> TASK STATEMENT: Restate all of the data exactly.

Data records

# # # #

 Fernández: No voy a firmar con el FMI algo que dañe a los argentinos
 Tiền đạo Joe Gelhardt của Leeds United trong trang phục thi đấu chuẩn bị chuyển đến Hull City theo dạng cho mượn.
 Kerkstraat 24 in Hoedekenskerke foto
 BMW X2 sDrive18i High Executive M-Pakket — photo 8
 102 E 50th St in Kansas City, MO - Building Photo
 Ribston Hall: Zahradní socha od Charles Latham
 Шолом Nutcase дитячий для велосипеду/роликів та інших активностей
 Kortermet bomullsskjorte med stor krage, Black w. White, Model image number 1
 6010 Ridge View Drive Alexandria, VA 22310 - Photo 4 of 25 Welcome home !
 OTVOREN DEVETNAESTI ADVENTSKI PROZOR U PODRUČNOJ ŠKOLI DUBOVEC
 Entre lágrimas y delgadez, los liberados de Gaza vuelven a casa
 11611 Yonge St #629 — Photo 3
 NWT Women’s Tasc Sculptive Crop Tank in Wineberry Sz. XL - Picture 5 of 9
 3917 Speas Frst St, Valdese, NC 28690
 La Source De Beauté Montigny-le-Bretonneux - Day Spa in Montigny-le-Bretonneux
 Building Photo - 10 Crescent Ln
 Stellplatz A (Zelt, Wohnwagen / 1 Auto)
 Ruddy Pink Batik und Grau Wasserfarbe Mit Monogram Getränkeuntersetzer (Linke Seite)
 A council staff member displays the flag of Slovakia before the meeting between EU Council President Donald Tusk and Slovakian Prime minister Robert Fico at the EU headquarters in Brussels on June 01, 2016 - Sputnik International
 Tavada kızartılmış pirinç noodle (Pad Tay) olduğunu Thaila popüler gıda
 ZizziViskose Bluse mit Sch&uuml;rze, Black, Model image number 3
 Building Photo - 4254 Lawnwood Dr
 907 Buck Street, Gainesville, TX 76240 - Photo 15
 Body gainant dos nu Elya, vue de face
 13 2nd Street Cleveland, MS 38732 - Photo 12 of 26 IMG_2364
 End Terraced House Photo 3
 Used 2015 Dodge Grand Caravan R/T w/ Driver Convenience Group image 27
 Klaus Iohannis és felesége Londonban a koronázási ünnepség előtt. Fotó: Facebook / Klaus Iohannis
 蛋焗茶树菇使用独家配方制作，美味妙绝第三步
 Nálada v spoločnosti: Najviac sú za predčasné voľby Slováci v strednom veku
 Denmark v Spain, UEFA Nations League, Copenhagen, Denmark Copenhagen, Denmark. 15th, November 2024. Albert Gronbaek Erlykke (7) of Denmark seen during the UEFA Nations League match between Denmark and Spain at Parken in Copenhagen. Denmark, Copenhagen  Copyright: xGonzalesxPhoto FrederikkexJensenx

# # # #

> RESULT OF THE EXERCISE:
 Fernández: No voy a firmar con el FMI algo que dañe a los argentinos
 Tiền đạo Joe Gelhardt của Leeds United trong trang phục thi đấu chuẩn bị chuyển đến Hull City theo dạng cho mượn.
 Kerkstraat 24 in Hoedekenskerke foto
 BMW X2 sDrive18i High Executive M-Pakket — photo 8
 102 E 50th St in Kansas City, MO - Building Photo
 Ribston Hall: Zahradní socha od Charles Latham
 Шолом Nutcase дитячий для велосипеду/роликів та інших активностей
 Kortermet bomullsskjorte med stor krage, Black w. White, Model image number 1
 6010 Ridge View Drive Alexandria, VA 22310 - Photo 4 of 25 Welcome home !
 OTVOREN DEVETNAESTI ADVENTSKI PROZOR U PODRUČNOJ ŠKOLI DUBOVEC
 Entre lágrimas y delgadez, los liberados de Gaza vuelven a casa
 11611 Yonge St #629 — Photo 3
 NWT Women’s Tasc Sculptive Crop Tank in Wineberry Sz. XL - Picture 5 of 9
 3917 Speas Frst St, Valdese, NC 28690
 La Source De Beauté Montigny-le-Bretonneux - Day Spa in Montigny-le-Bretonneux
 Building Photo - 10 Crescent Ln
 Stellplatz A (Zelt, Wohnwagen / 1 Auto)
 Ruddy Pink Batik und Grau Wasserfarbe Mit Monogram Getränkeuntersetzer (Linke Seite)
 A council staff member displays the flag of Slovakia before the meeting between EU Council President Donald Tusk and Slovakian Prime minister Robert Fico at the EU headquarters in Brussels on June 01, 2016 - Sputnik International
 Tavada kızartılmış pirinç noodle (Pad Tay) olduğunu Thaila popüler gıda
 ZizziViskose Bluse mit Sch&uuml;rze, Black, Model image number 3
 Building Photo - 4254 Lawnwood Dr
 907 Buck Street, Gainesville, TX 76240 - Photo 15
 Body gainant dos nu Elya, vue de face
 13 2nd Street Cleveland, MS 38732 - Photo 12 of 26 IMG_2364
 End Terraced House Photo 3
 Used 2015 Dodge Grand Caravan R/T w/ Driver Convenience Group image 27
 Klaus Iohannis és felesége Londonban a koronázási ünnepség előtt. Fotó: Facebook / Klaus Iohannis
 蛋焗茶树菇使用独家配方制作，美味妙绝第三步
 Nálada v spoločnosti: Najviac sú za predčasné voľby Slováci v strednom veku
 Denmark v Spain, UEFA Nations League, Copenhagen, Denmark Copenhagen, Denmark. 15th, November 2024. Albert Gronbaek Erlykke (7) of Denmark seen during the UEFA Nations League match between Denmark and Spain at Parken in Copenhagen. Denmark, Copenhagen  Copyright: xGonzalesxPhoto FrederikkexJensenx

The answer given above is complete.